The design team proceeds to perform various types of analyses such as open-loop analysis, linear step response, noise analysis, corner-case analysis, and Monte Carlo analysis. The team also continues to add more second- and third-order effects to the behavioral models. At each step, the results are compared to the previous step to thoroughly understand the impact of all the effects added at each level.
The models continue to be refined and further simulations are performed until the design team is ready to begin decomposing blocks to the transistor level. To conserve time, though, only the block that's currently being designed is simulated at the transistor level. All of the remaining blocks continue to be simulated with behavioral models. This technique can often speed up the simulation by many orders of magnitude.
To proceed with the step-by-step de-sign methodology, the behavior of the transistor-level de-sign must be compared to that of its upper-level behavioral model. Any differences must be understood completely and resolved. Figure 4 illustrates the simulation results for a CommLib charge pump versus the transistor-level design. In each case, the circuit works, but the responses aren't the same. The design team has to understand the differences and calibrate the behavioral model.
Using the CommLib charge-pump test bench, the differences between the transistor and behavioral designs become clear (Fig. 5). The levels of the positive and negative output currents don't match, and the risetime is significantly faster. At this point, the design team must modify the behavioral model or the transistor-level design (or both) so their behaviors are brought into precise alignment.

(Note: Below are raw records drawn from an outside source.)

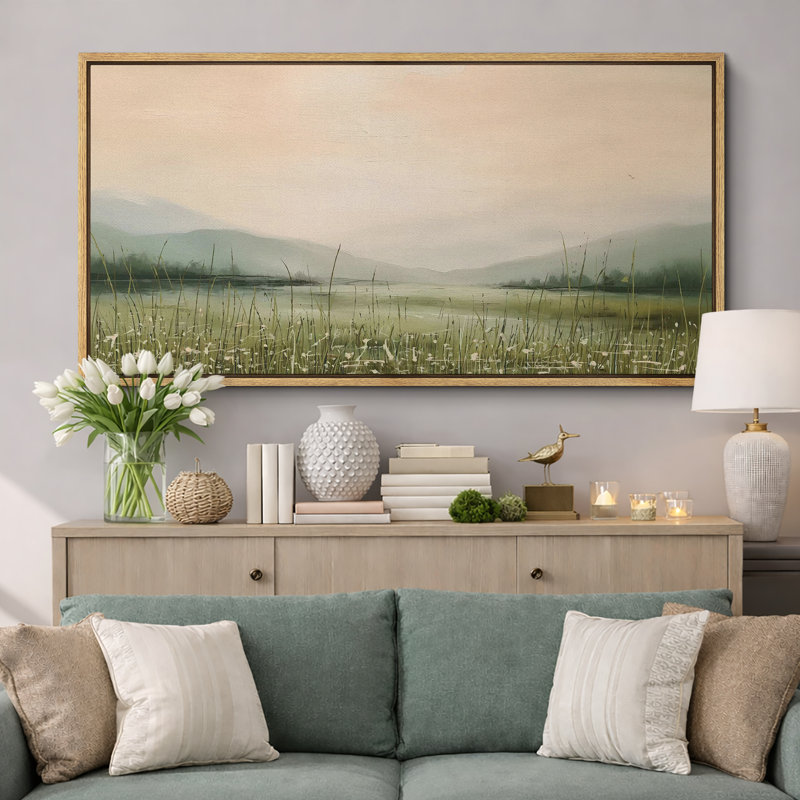 Paysage de campagne rustique avec lac tranquille et serein, H 30 po x l 60 po, Naturel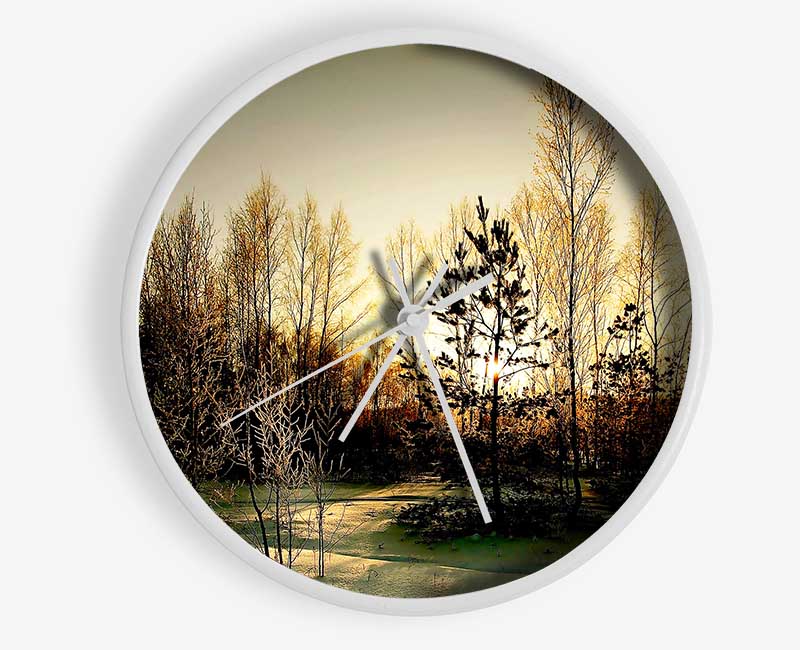 Trees Shadow Winter Clock - Wallart-Direct UK
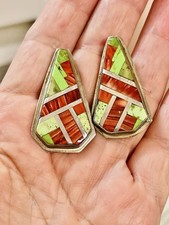 VTG Southwest SANTO DOMINGO DAN CORIZ STERLING SPINY OYSTER TURQUOISE EARRINGS picture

Once the analog and digital designs are complete, they must be tested to verify that they work together before going to layout and fabrication. In this example, the analog team determines that the test bench used by the digital team is adequate for the analog design. Because VHDL-AMS is a pure superset of VHDL, the process of joining the two designs is as simple as instantiating the clock-recovery PLL into the digital test bench and rewiring the receiver clock to the output of the PLL (Fig. 6). The automatic testing of the digital test bench verifies that the design is working properly. This design is now ready for layout and first-pass fabrication success.
Despite all of the benefits associated with analog top-down design, there remains a strong resistance against adopting this methodology. Many analog designers—at least so far—are content to maintain the status quo. Because most of the tools are new, many designers are unaware of their availability. This lack of awareness is further compounded by a natural resistance to change long-established procedures. Additionally, there's a learning curve associated with the new analog tools.